Monsieur [Z] [V], né le 8 avril 1967, a été embauché par la Régie autonome des transports parisiens 15 juillet 1991 en qualité d'élève machiniste-receveur, puis commissionné le 1er août 1992 en qualité de machiniste-receveur (ligne de bus), évoluant le 1er mars 1999 en qualité de conducteur de métro (ligne 3), à laquelle s'est ajoutée la fonction de moniteur jusqu'en 2014. Il a pris sa retraite en juin 2021.

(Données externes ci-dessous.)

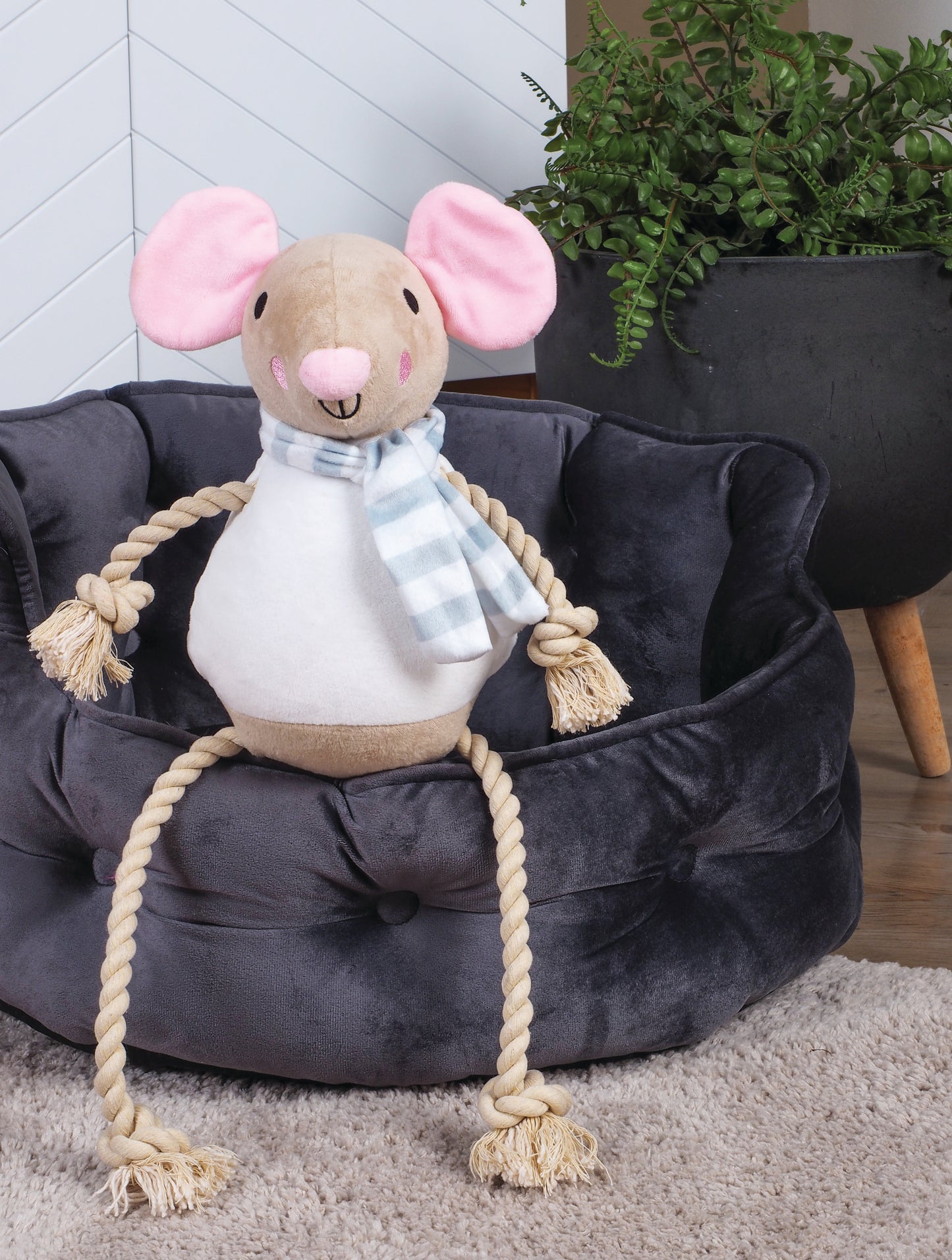 Plush mouse toy with a rope on a navy blue pet bed in a room setting.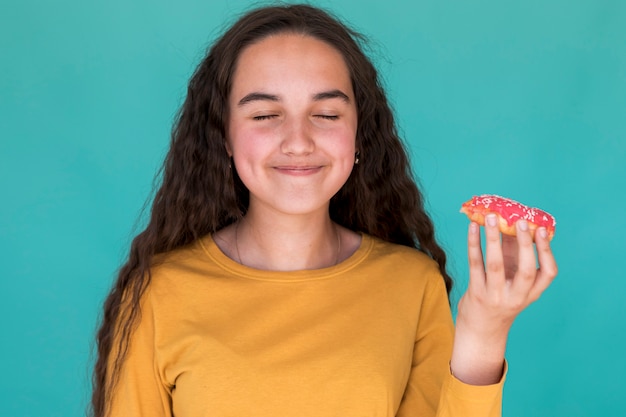유약 된 도넛을 즐기는 어린 소녀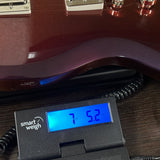 Used Epiphone Futura SG Custom Midnight Ember Shift on scale displaying weight.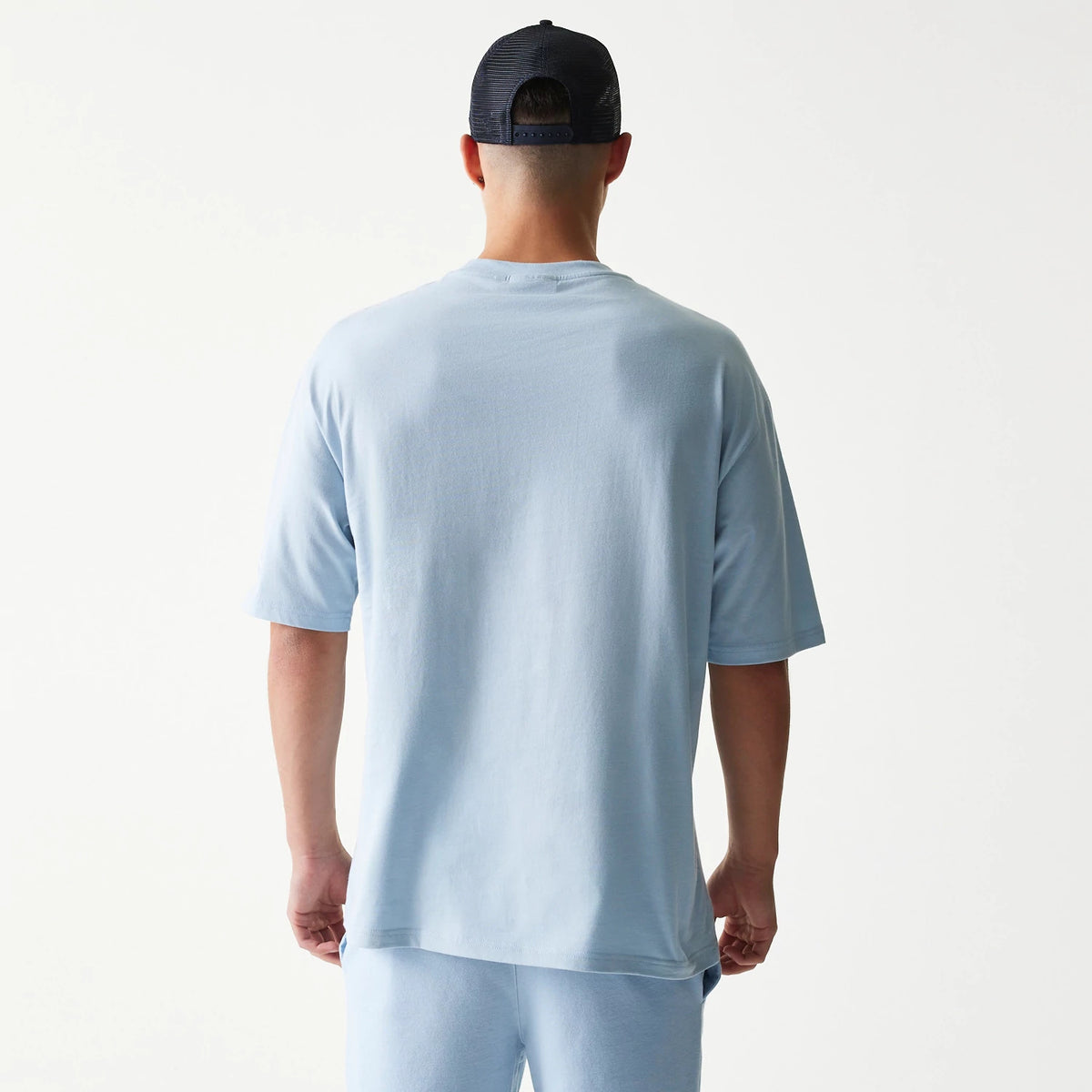 New Era New York Yankees MLB Midi Pastel Blue Oversized T-Shirt, back view on a model wearing a coordinating cap, showing the plain light blue fabric with extended sleeves and a relaxed fit of the oversized design.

Le 22 juin 2018, monsieur [V] a saisi le Conseil des prud'hommes de Paris afin de voir ordonner sa réintégration dans sa fonction de moniteur à compter de 2014, ainsi que son repositionnement catégoriel en conducteur référent, juger qu'il aurait fait l'objet d'une exécution déloyale de son contrat de travail, et dès lors annuler les sanctions disciplinaires prononcées les 3 juillet 2017, 17 octobre 2017, 27 novembre 2017. Cette affaire a été radiée le 10 septembre 2019.



Monsieur [V] a saisi la même juridiction le 12 juin 2020 afin de voir ordonner sa réintégration dans sa fonction de moniteur à compter de 2014, son repositionnement catégoriel en conducteur référent, juger qu'il aurait fait l'objet d'une exécution déloyale de son contrat de travail, annuler les mêmes sanctions disciplinaires ainsi que celle prononcée le 28 août 2018.



Par jugement du 15 décembre 2020, le conseil de prud'hommes de Paris a : 


Déclaré prescrites les demandes de monsieur [V] relatives à la cessation de ses fonctions de moniteur,

Débouté monsieur [V] de ses demandes de réintégration, du repositionnement catégoriel, et de sa demande de dommages-intérêts,

Déclaré irrecevable les demandes concernant l'annulation de la sanction du 28 août 2018,

Débouté monsieur [V] du surplus de ses demandes.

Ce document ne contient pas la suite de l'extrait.